Liu J, Yu X, Zhong S et al.
State Key Laboratory of Organ Failure Research, Southern Medical University, Guangzhou, 510515, China; Biopharmaceutics, Guangdong Provincial Key Labortory of New Drug Screening, School of Pharmaceutical Sciences, Southern Medical University, Guangzhou 510515, China.
Journal of pharmaceutical and biomedical analysis. Feb 2017.

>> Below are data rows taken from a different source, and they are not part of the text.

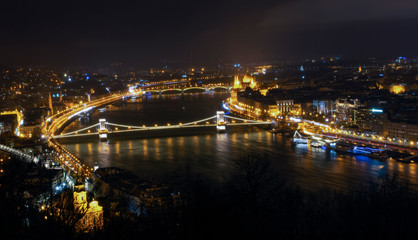 Fototapeta na wymiar night view of Budapest river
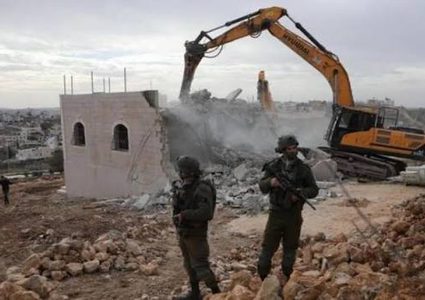 الاحتلال يجبر مواطنا على هدم منشأته الصناعية جنوب قلقيلية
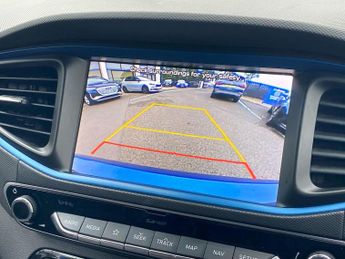 HYUNDAI IONIQ 1.6 H-Gdi 8.9Kwh Premium Hatchback 5Dr Petrol Plug-In Hybrid Dct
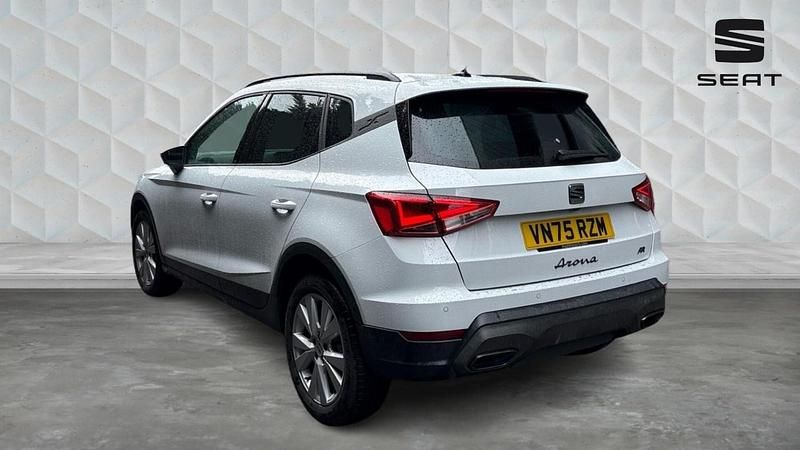 Used Seat Arona FR First Edition 113 HP (83 kW) 2026 White SUV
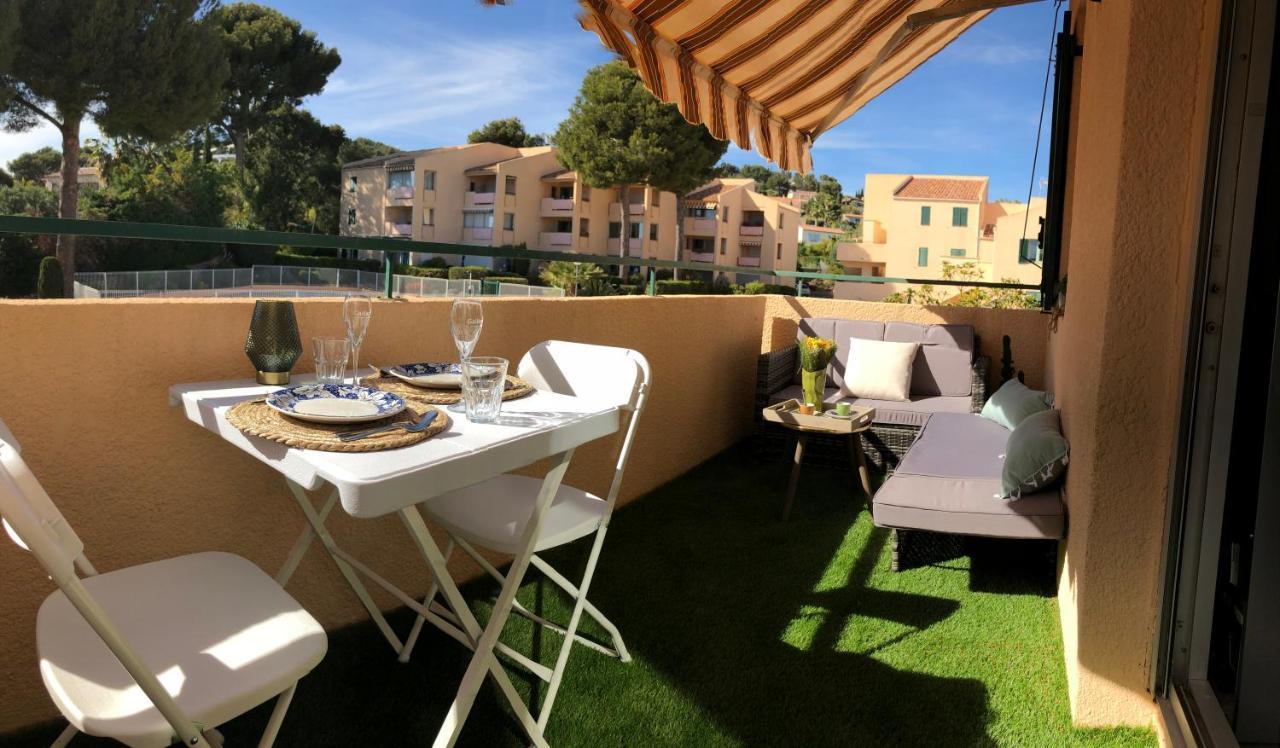 Studio Avec Terrasse Et Piscine 邦多勒 外观 照片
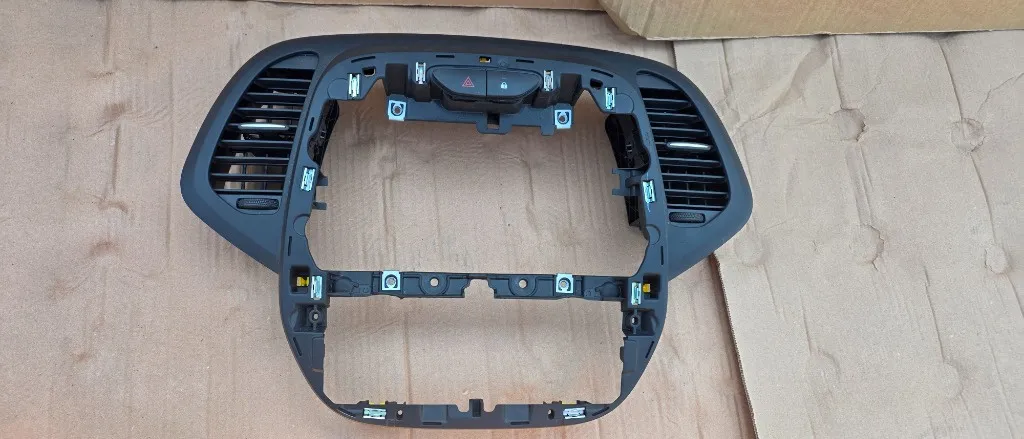 Grila centrala aer bord Renault Captur 2014 2015 2016 2017 2018 2019
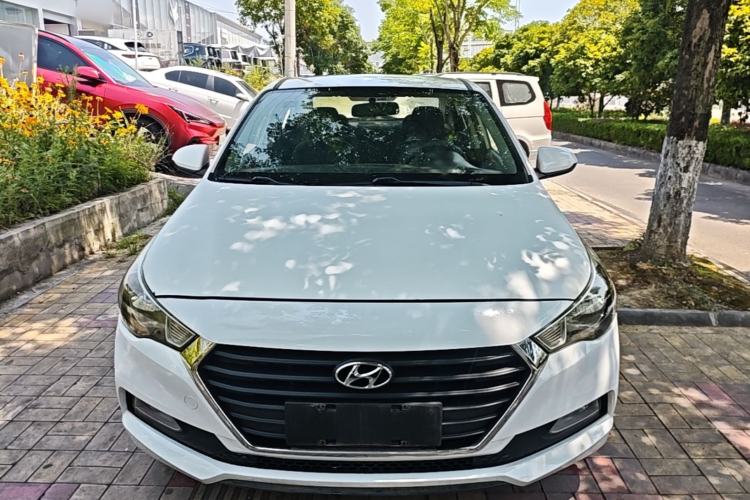 Used Hyundai Verna (new generation) 2016 1.4L Automatic Cool Edition GLS Front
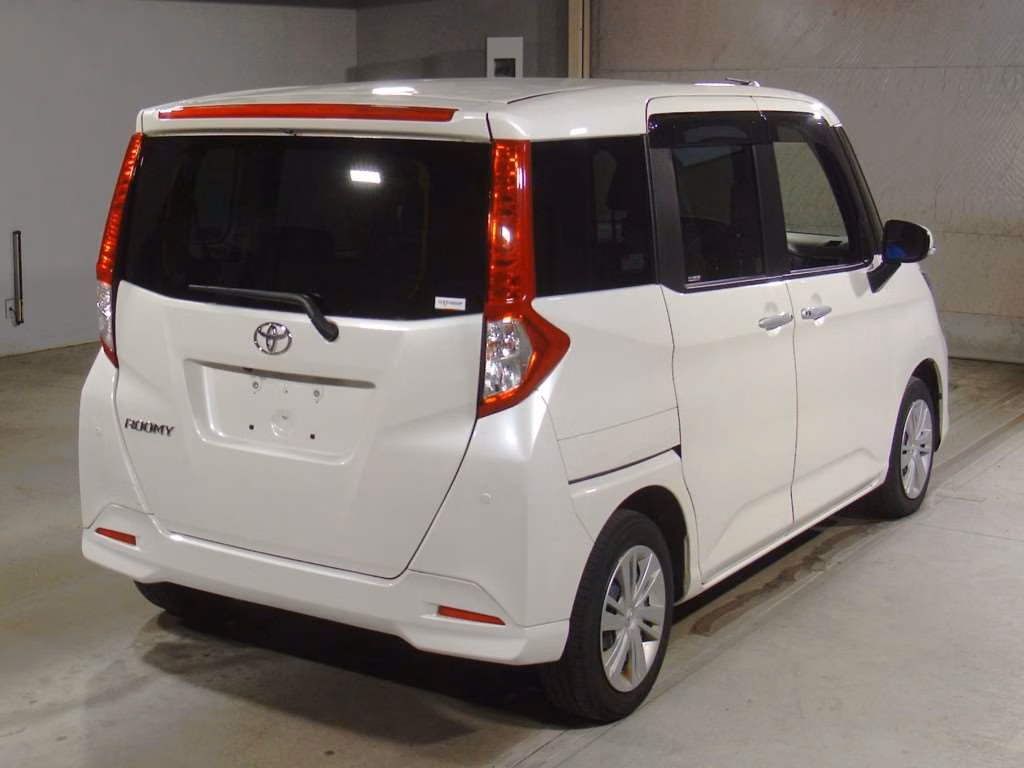 TOYOTA ROOMY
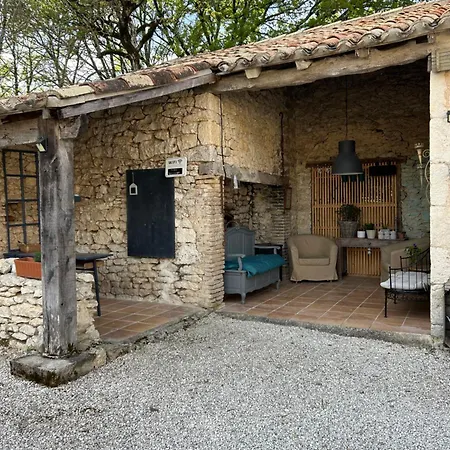 度假居 Les Fontanelles Du Quercy Blanc *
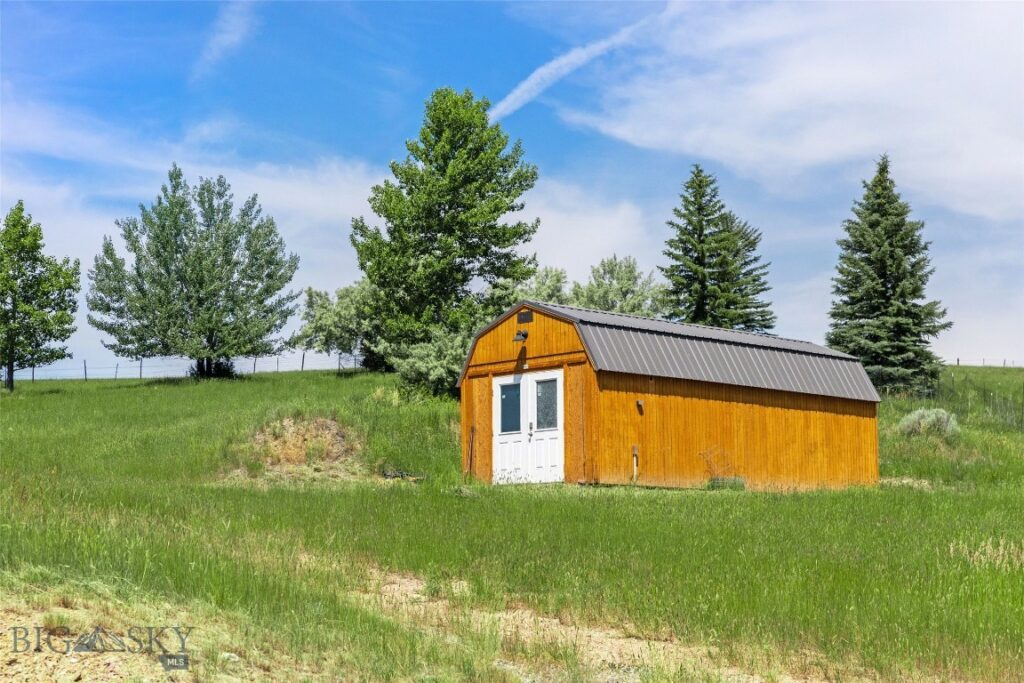 5835 Spaulding Bridge Road, Belgrade MT 59714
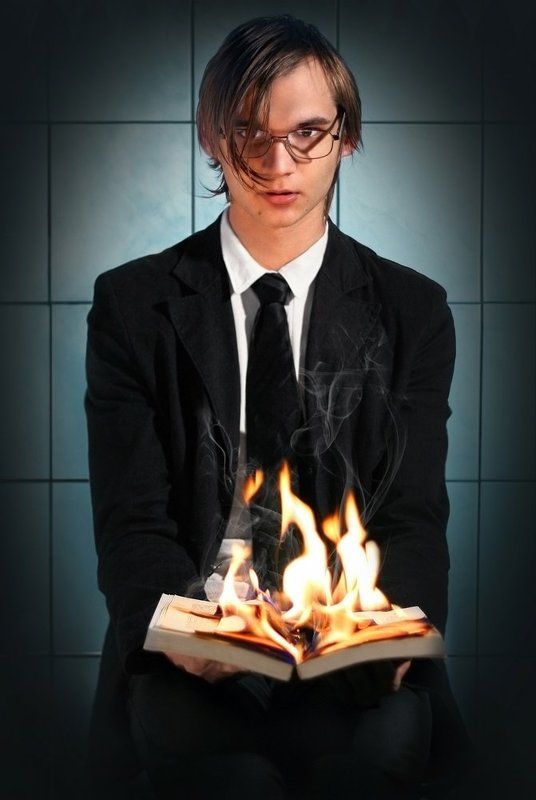 Огонь в ладонях фото превью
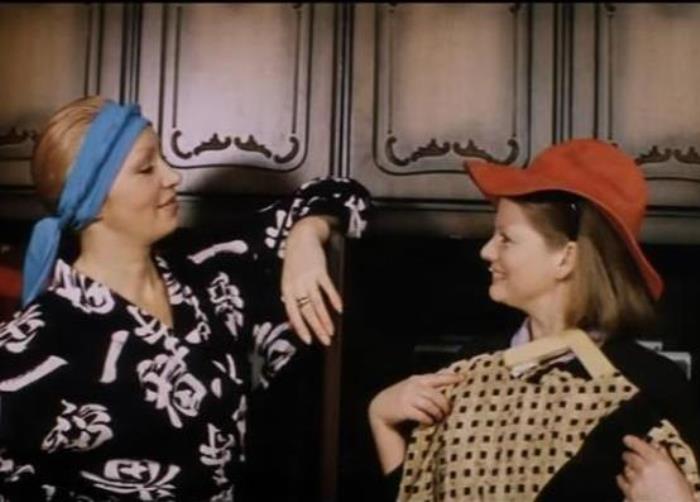 Кадр из фильма *Самая обаятельная и привлекательная*, 1985 | Фото: oursociety.ru Кадр из фильма *Самая обаятельная и привлекательная*, 1985 | Фото: oursociety.ru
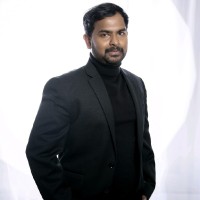Naveen Jerard, Eit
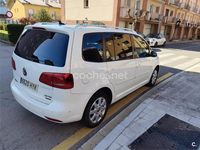 Usado VW Touran Advance 140 CV (102 kW) 2013 Blanco Monovolumen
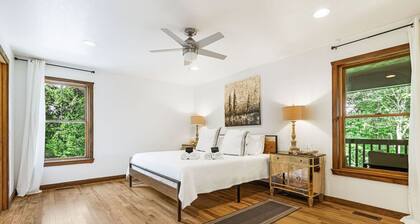 360 Gorgeous Views, Mid-Century Modern, Sleeps 8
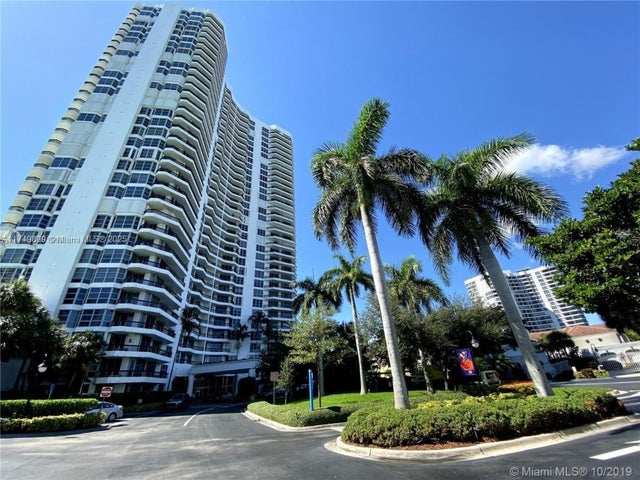 3530 Mystic Pointe Dr 2303, Aventura
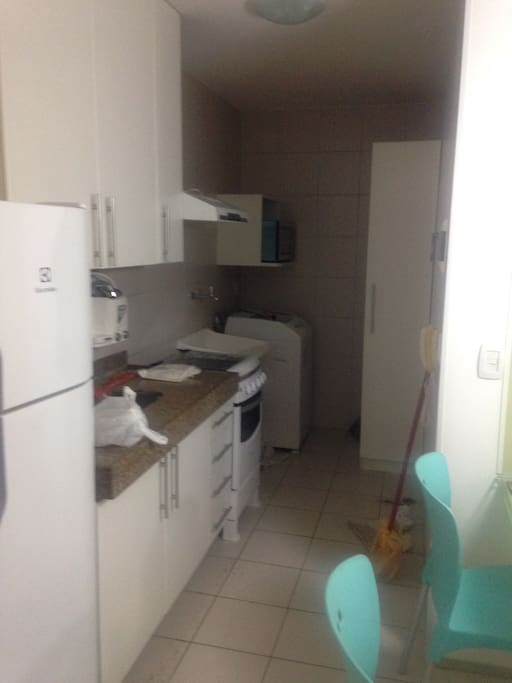 Cozinha e área de serviço equipadas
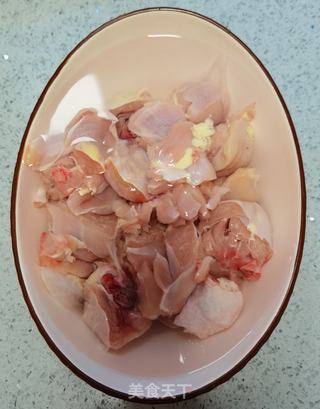 土豆烧鸡腿的做法步骤:2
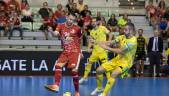 ACCIÓN. Mauricio presiona a Paradynski en el partido en el Palacio de Deportes de Murcia.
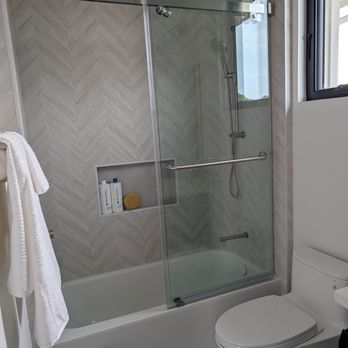 J's Custom Glass - Windows Installation Near Me J's Custom Glass - Windows Installation Near Me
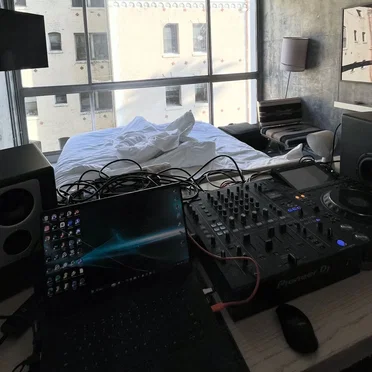 2AM Smirnoff Freestyle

The present study aims to develop an individual-based model to predict the glucuronidation characteristics of genistein in 45 human livers. The model was validated in 18 human kidneys. Ten UDP-glucuronosyltransferases (UGTs) were expressed in liver abundantly. Among them, UGT1A1, UGT1A3, UGT1A6, UGT1A9 and UGT2B7 contributed 95.6% to genistein glucuronidation in human liver, with significant correlation between gene expression of the five UGTs and the glucuronidation of genistein. The genistein glucuronidation differences between individuals were varied enormously; meanwhile the expression variations can explain 24.7% total metabolic variation in livers. In kidney, UGT1A6, UGT1A9 and UGT2B7 were amply expressed. Their gene expressions and glucuronidation rates of genistein had high correlations. Expression variations of UGT1A9/2B7 can explain up to 40.9% of the total variation of genistein glucuronidation in kidney. The model was therefore established based on UGT expression between individuals taking into account an important assessment which is the ratio of metabolic rate of each recombinant UGT isoform. Excellent linear correlations between predicted and observed glucuronidation rate revealed that the model could predict metabolic activity of genistein using quite a small size of tissue. In conclusion, the individual-based model can be employed for predicting individual glucuronidation behavior of genistein in different organs.